7・休日に友達と遊ぶって架空の話じゃないらしい

「俺のおかげっつーことで奢りよろしくー」

「うん、本当にありがとう! 鷹田」


 近藤さんの店を出た後、鷹田に連れられてハンバーガー屋にやってきた。こういう店は初めてで、友達と来るのが憧れだったから内心、すごくワクワクしている。昼時をちょっと過ぎた時間、たくさんの人が賑やかに過ごしている。


「念のために聞くんだけどよ、マイナスはこういう所も初めてだったりすんの?」

「え、あー……うん」

「マジで高校デビュー失敗してむしろよかったと思うぜー。いやだって取り繕うの無理っしょ。こういう所もスマートにできないとかあり得ねえからよー」


 呆れている鷹田。
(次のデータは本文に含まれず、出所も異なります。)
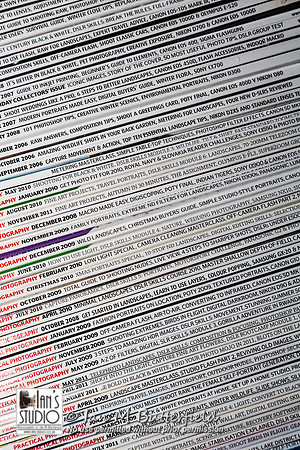 POTD 12 April 2014: Magazines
初対面だけがんばれば何とかなるかも……そういう話じゃなかったんだなぁって痛感する。


「仕方ねえ、ほら、手本見せてやるから」


 鷹田は慣れた手つきで店のパネルを操作して注文していく。


「飲み物は何にする?」

「えーと……紅茶で」

「こういう時、そんな洒落たもん頼むなっての。カフェイン取りたいならコーヒー。次からは覚えとけな」

「そうなんだ……」

「やっぱり育ち良過ぎじゃね?」


 鷹田の一挙一動を見て真似できるようにしないとなって思う。


「ところでさ、マイナスはSNSとかやってねえの? スマホは持ってるよな?」

「あ、うん、持ってる。でもSNSはやってないかな」

「なんでだよ。そういう所から既にヘンだっての」

「いやね、ママにやらないで欲しいなって言われてて……」

「言いつけって事?」

「いや……言いつけとかじゃなくて、そうお願いされただけ……」

「はぁ……? お願いされたから律儀に守ってるわけ? 親の言う事を?」

「たぶん、怒ったりしないけども……好きだから、そうしてる……」

「……母さんがリカオンなんだっけ?」

「うん、リカオン」

「なんか、めっちゃ綺麗な人なんだろうなって思えてきたわ……」

「あはは……雰囲気はすごいあるね」


 ママはリカオンでオペラ歌手。どこにいても何をしてても画になって、その声はどこまで透っていて。母親なのにどこかミステリアスな所も感じる。ただ、どんな時も俺とカナを優しく見ててくれてる……そんな気がしてる。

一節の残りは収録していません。